SYSC 8.2 Outsourcing of portfolio management for retail clients to a non-EEA State
- (1)
1In addition to the requirements set out in the MiFID outsourcing rules, when a MiFID investment firm outsources the investment service of portfolio management to retail clients to a service provider located in a non-EEA state, it must ensure that the following conditions are satisfied:
- (a)
the service provider must be authorised or registered in its home country to provide that service and must be subject to prudential supervision;
- (b)
there must be an appropriate cooperation agreement between the FSA and the supervisor in the non-EEA state.
- (a)
(in this chapter the "conditions").
[Note: article 15(1) of the MiFID implementing Directive]
- (2)
In addition to complying with the common platform outsourcing rules, if one or both of the conditions are not satisfied, a MiFID investment firm may enter into such an outsourcing only if it gives prior notification in writing to the FSA containing adequate details of the proposed outsourcing and the FSA does not object to that arrangement within a reasonable time following receipt of that notification.

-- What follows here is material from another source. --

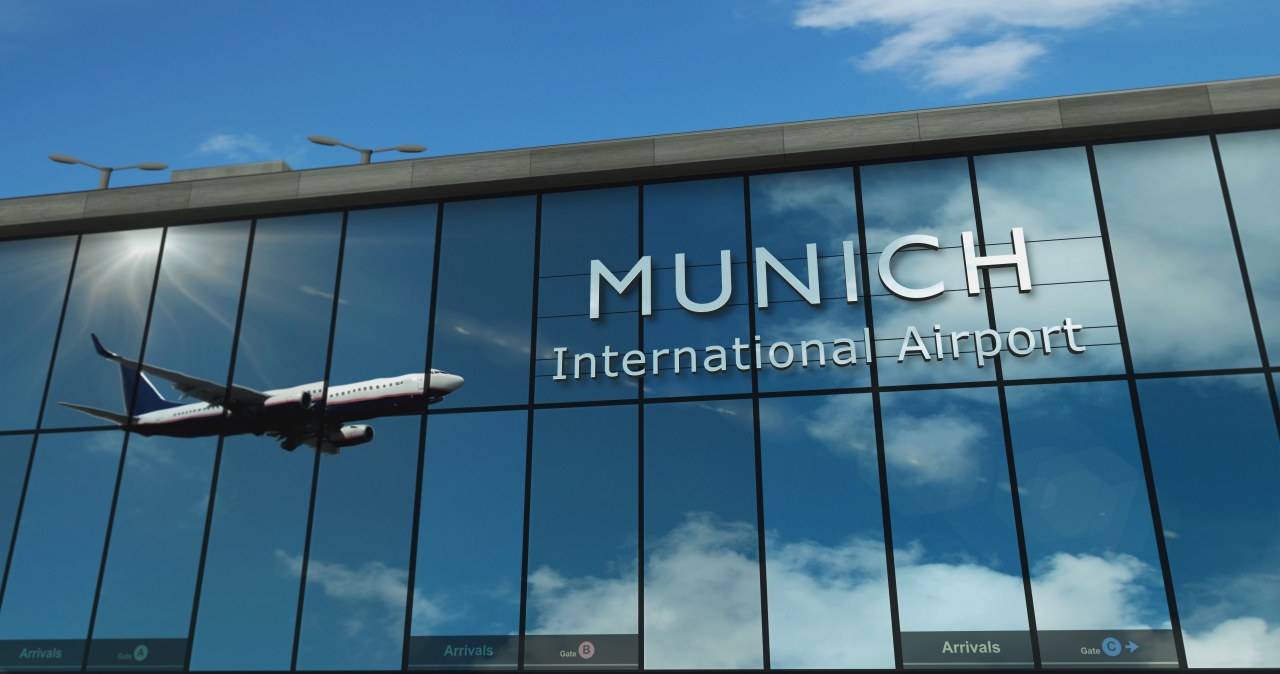 Setki pasażerów spędziło noc w samolotach. Koszmar na lotnisku w Monachium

[Note: article 15(2) and (4) of the MiFID implementing Directive]
- (3)
For the purposes of this rule a "reasonable time" is within one month of receipt of a notification. However, the FSA may seek further information from the MiFID investment firm in relation to the outsourcing proposal if this is necessary to enable the FSA to make a decision. Any effect this may have on the FSA's response time will be notified to the MiFID investment firm and that revised response time will constitute a reasonable time for the purposes of this rule.
The conditions do not apply if the outsourcing only concerns ancillary activities connected with portfolio management, for example IT processes or execution only activities.
If a firm has received no notice of objection or no request for further information from the FSA within one month of the FSA receiving the notification, it may outsource the portfolio management on the basis set out in the notification.
The FSA would use its powers under section 45 of the Act to vary a firm's permission if it objected to such a notification.
Notification requirements: timing of notification
A firm should only make an outsourcing proposal notification to the FSA after it has carried out due diligence on the service provider and has had regard to the guidance set out in SYSC 8.3. The FSA will expect a firm to only submit an outsourcing proposal notification in respect of a service provider that the firm has determined is suitable to carry on the outsourcing activity.
Notification requirements: content
A notification under this section should include:
- (1)
details on which of the conditions is not met;
- (2)
if applicable, details and evidence of the service provider's authorisation or regulation including the regulator's contact details;
- (3)
the firm's proposals for meeting its obligations under this chapter on an ongoing basis;
- (4)
- (5)
a draft of the outsourcing agreement between the service provider and the firm;
- (6)
the proposed start date of the outsourcing; and
- (7)
confirmation that the firm has had regard to the guidance in SYSC 8.3, or if it has not, why not.
Notification requirements additional guidance
Where the FSA has not objected to the outsourcing agreement, the firm should have regard to its obligations under SUP 15 which include making the FSA aware of any matters which could affect the firm's ability to provide adequate services to its customers or could result in serious detriment to its customers or where there has been material change in the information previously provided to the FSA in relation to the outsourcing.